Metrics
Table Metrics
All table metrics are generated from metadata, ensuring close to zero resource footprint.
Volume
| Metric Name | Description | Units |
|---|---|---|
| Row Count | Total number of rows | rows |
| Output Bytes | Total size of data written | bytes |
| Files Size | Total size of data read | bytes |
| Partition Count | Number of partitions accessed (read or written) | partitions |
| Files Count | Total number of files accessed (read or written) | files |
| Parts Count | Total number of file segments accessed | file-parts |
Schema
| Metric Name | Description | Units |
|---|---|---|
| Column Count | Total number of columns in the table | columns |
| Schema Changes | Number of schema changes since the previous run | columns |
Freshness
| Metric Name | Description | Units |
|---|---|---|
| Table Freshness | Time elapsed since the last table update (for input tables) | seconds |
Column Metrics (Distribution)
These metrics require definity to add dedicated queries in the task execution.

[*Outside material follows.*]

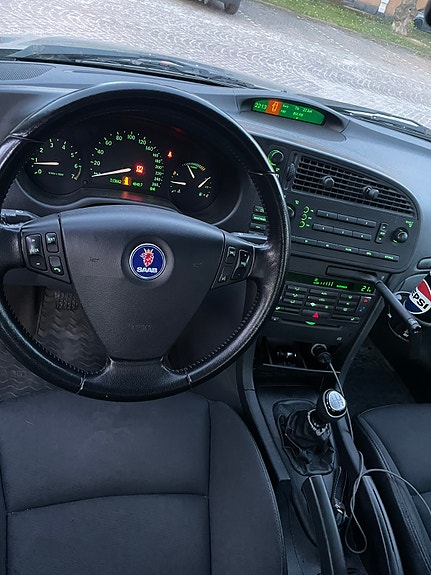 Saab 9-3 3 of 5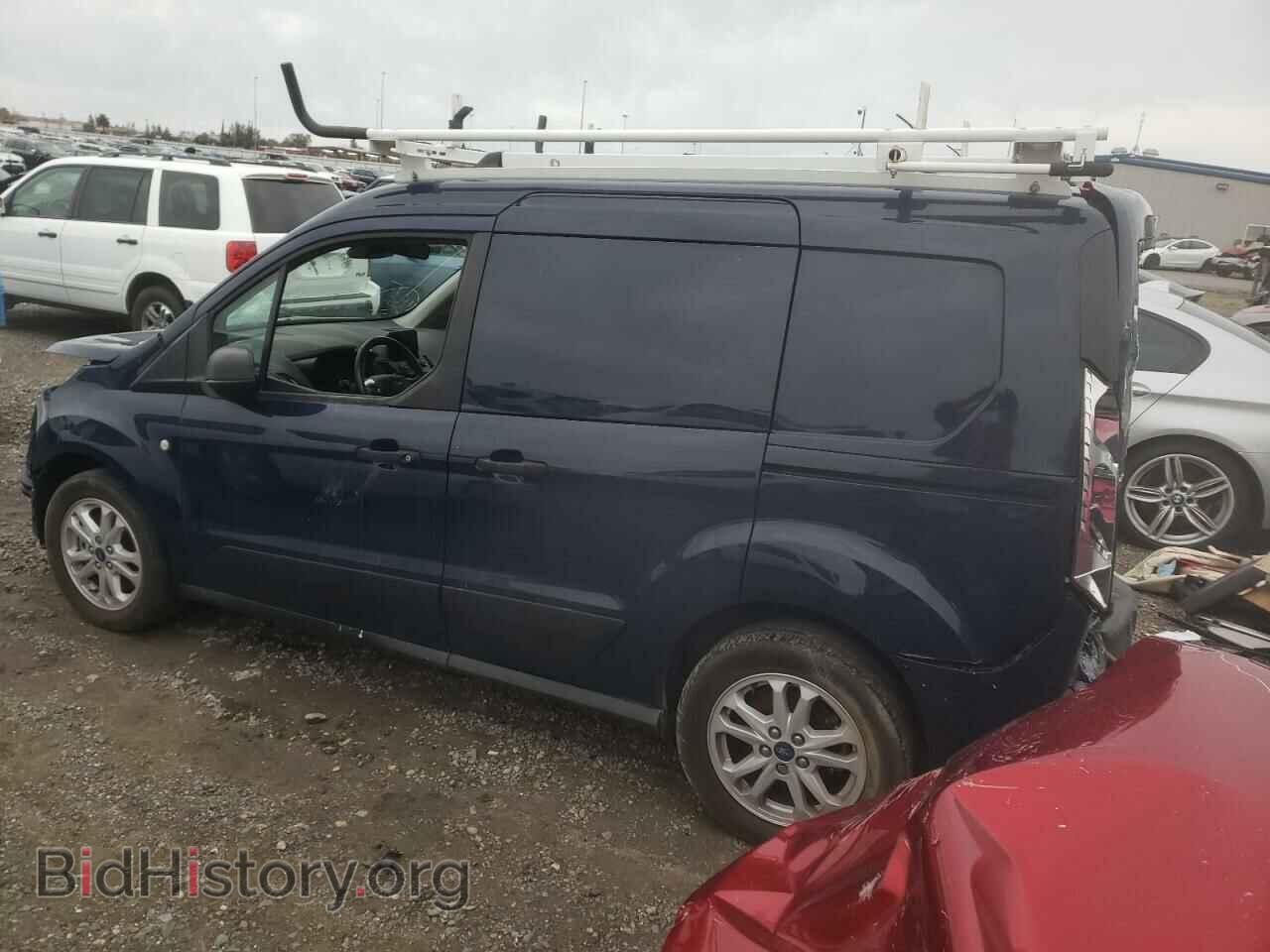2019 FORD TRANSIT - VIN: NM0LE6F26K1417787 - Фото 2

| Metric Name | Description | Units |
|---|---|---|
| Null Percent | Percentage of null values in the column out of total rows | % |
| Distinct Count | Count of distinct values in the column | |
| Distinct Percent | Percentage calculated as Distinct Count / Query Row Count | % |
| Unique Percent | Percentage of distinct values out of non-null entries in the column | % |
| Value Histogram | Histogram of values for low-cardinality fields | |
| Min/Max/Average/Standard Deviation | Summary statistics for numeric columns | |
| NaN Count | Count of NaN values in numeric columns | |
| Max Time | Maximum time value in the column. Supported types: timestamp, date, long/int (epoch time in seconds/ms), string (formats like yyyy-MM-dd HH:mm:ss, yyyy/MM/dd HH:mm:ss) | seconds |
| Data Freshness | Time difference between the read time and the column's Max Time value | seconds |
| Live Data Freshness | Real-time freshness of data, measured as the time elapsed since the column's Max Time value (updated periodically) | seconds |
Partitioned Tables
For partitioned tables, definity automatically identifies the relevant partitions accessed during task execution and calculates metrics specific to those partitions.
Execution Metrics
Time
| Metric Name | Relevant Assets | Description |
|---|---|---|
| Execution Time | Pipeline, Task, Transformation | Total elapsed time for execution |
| Process Time | Pipeline | Total execution time across all tasks |
| SLA Time | Pipeline, Task | Time elapsed since the last execution started |
| Skew Time | Task | Time spent in a "skewed" state |
| Task Idle Time | Task | Time during which no queries were executed (driver-only activity) |
Environment
| Metric Name | Relevant Assets | Description |
|---|---|---|
| Param Count | Task | Total number of parameters in the task |
| Count Param Changes | Task | Number of parameter changes in the task |
Resources
| Metric | Relevant Assets | Description | Units |
|---|---|---|---|
| Task Count | Pipeline | Number of tasks executed in the pipeline | |
| TF Count | Task | Number of transformations executed in the task | |
| VCore Time | Pipeline, Task, Transformation | Allocated/Used/Utilized VCore time for asset | VCore-seconds |
| Memory Time | Task, Pipeline | Total memory time allocated for this task | GB-seconds |
| Memory | Task | Allocated and utilized memory, including driver and executor usage (heap/off-heap) | GB |
| Spark Executors Count | Task | Number of Spark executors (running and failed) | |
| Spark Job/Stage/Task Count | Task, Transformation | Counts of Spark jobs, stages, tasks (including failures and retries) | |
| Data IO | Task | Total counts and size of inputs, outputs, shuffles (read/write) | bytes |
| Broadcasts | Task | Total counts and time for broadcast operations, including failures | |
| Spill | Task | Total size of disk and memory spills during task execution | bytes |
| Definity Driver Time | Task | Driver time overhead for definity operations | seconds |